- Agree. I don't want to sound too Thomas-Friedman-overly-grand here, but this is a chance for America to both help create a modern state in Afghanistan and for U.S. to rebuild relationships with Western Europe through the shared effort. This can't happen without significant and effective European troop involvement in Afghanistan. I know that there are Americans who see Britain, France, Germany, Spain, and Italy as dying-on-the-vine countries, where the support, even if we had it, wouldn't mean that much. I disagree. There will be a Europe worthy of ally-hood in the future and its our obligation to save the alliances while continuing to support our values.
Yeesh, that came off too big, too mushy. Read the link, ponder the implications, ignore the Snowden-fluff.
- Speaking of Thomas Friedman, here's a column of his in the IHT. I'm not much of a fan of his, but that's for a longer and separate post. But if I may ask a few questions:
1. Can someone point out anything newsworthy or fresh in this piece? Anything? Bueller?
2. Does Thomas Friedman get the difference between subsidizing greedy and poorly-run companies and "subsidizing" the Iraqis as they struggle for their own stable democracy, or is he just disingenuous?
3. Am I alone in suspecting that Friedman has been looking for an escape pod from OIF for years, and thinks that this is his chance to regain lefty cred?

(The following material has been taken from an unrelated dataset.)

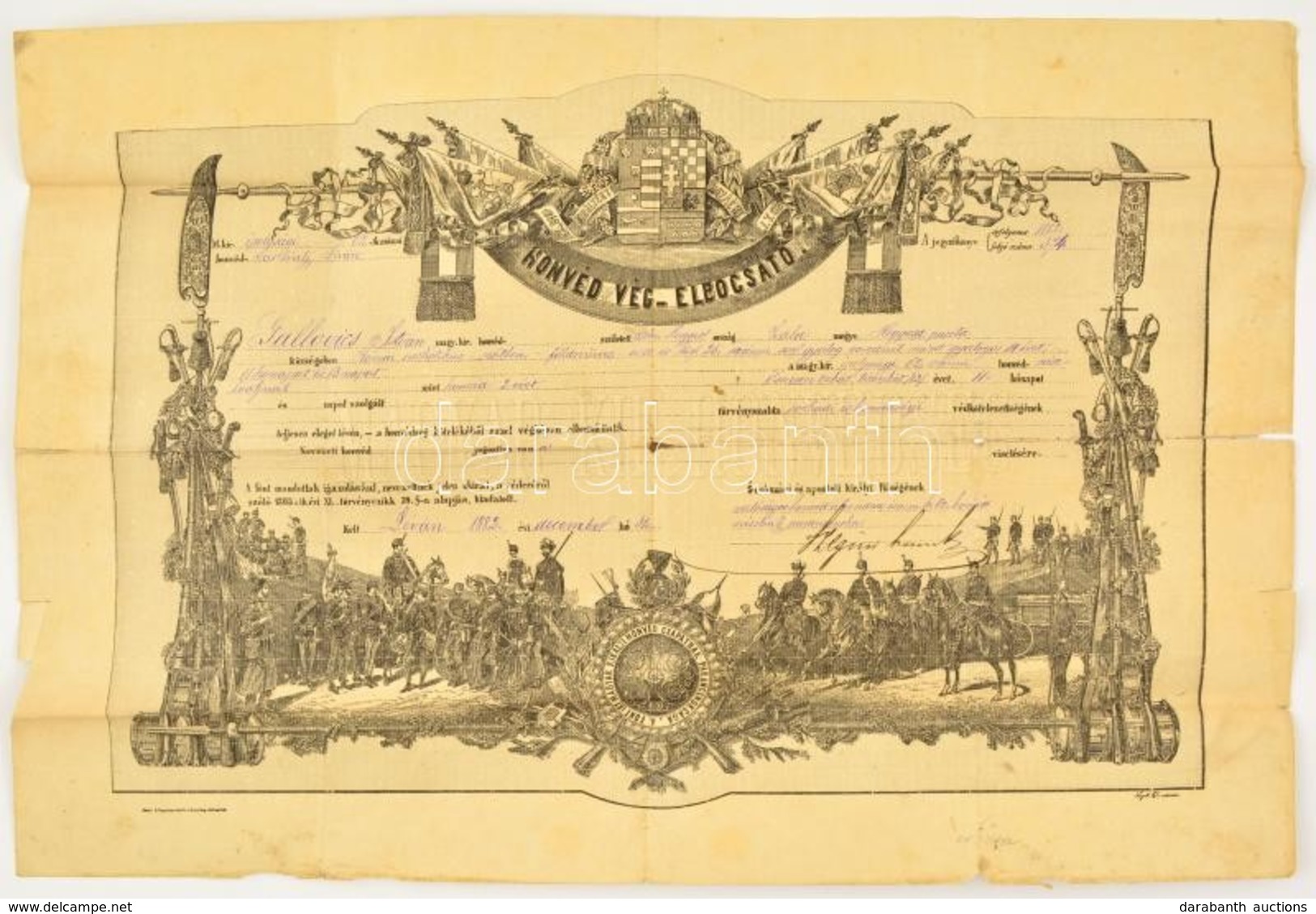 1882 Honvéd Végelbocsájtó Levél 50x35 Cm Szakadásokkal - Autres & Non Classés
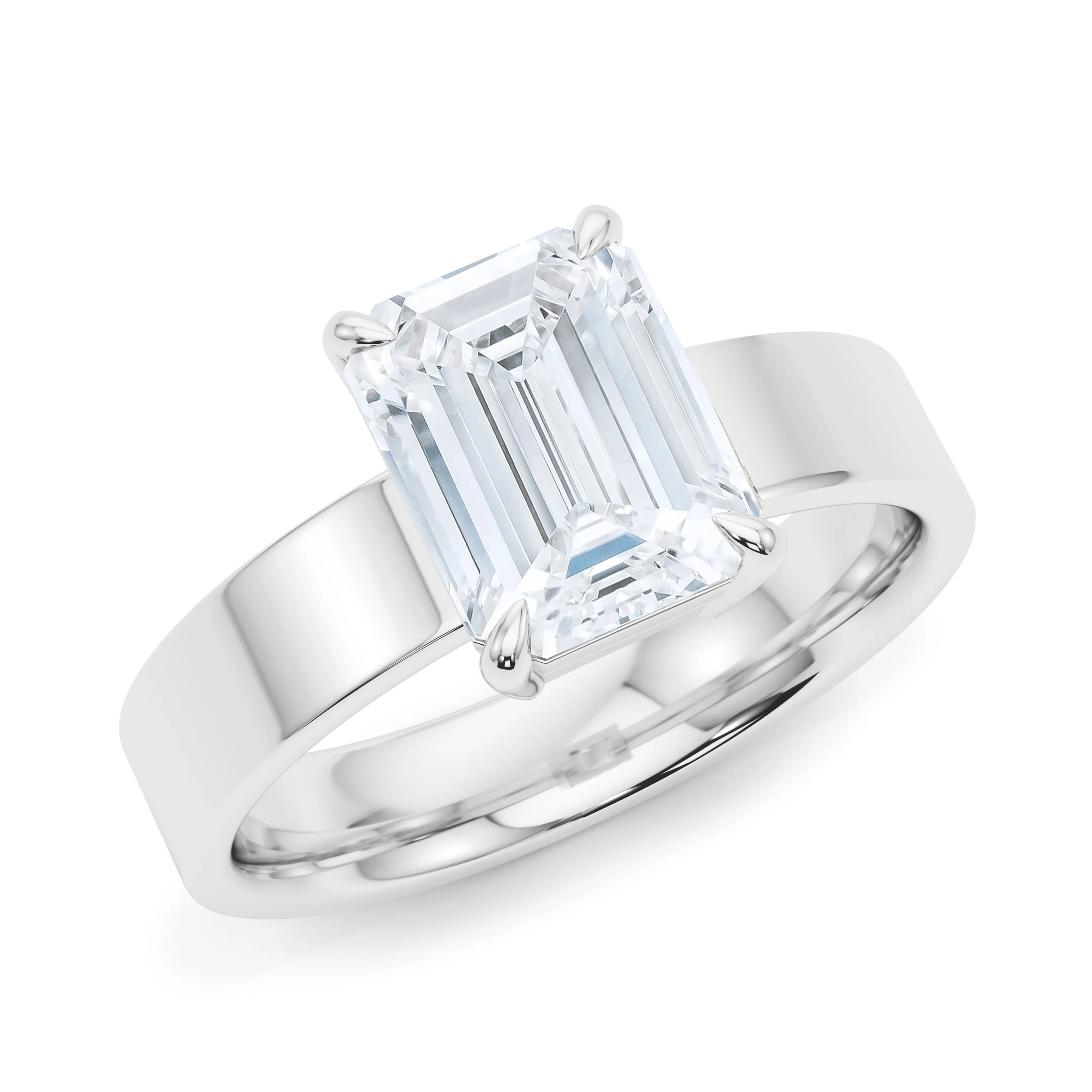 Emerald Cut Diamond Cigar Ring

Answers? 1. No, 2. Disingenuous, 3. Yes, I'm alone, and paranoid.
- To those of you I talk to in the real world, you know I called this. This almost ties in with the last question above: Big 3 auto manufacturers and their unions have all been quietly planning to ask for Uncle Sam to bail them out, but they recognized that the tide of public opinion was moving against them. Furthermore, the plea for help will be a single attempt: they get turned down once, the car companies realize that they have zero sympathy from Joe Q. Public.
With this credit-market fiasco totaling (in the end, probably) over a cool $1 trillion in government cheese, UAW and the Big 3, along with the subsidiary suppliers, are thinking that this is their big chance to get a bailout for themselves.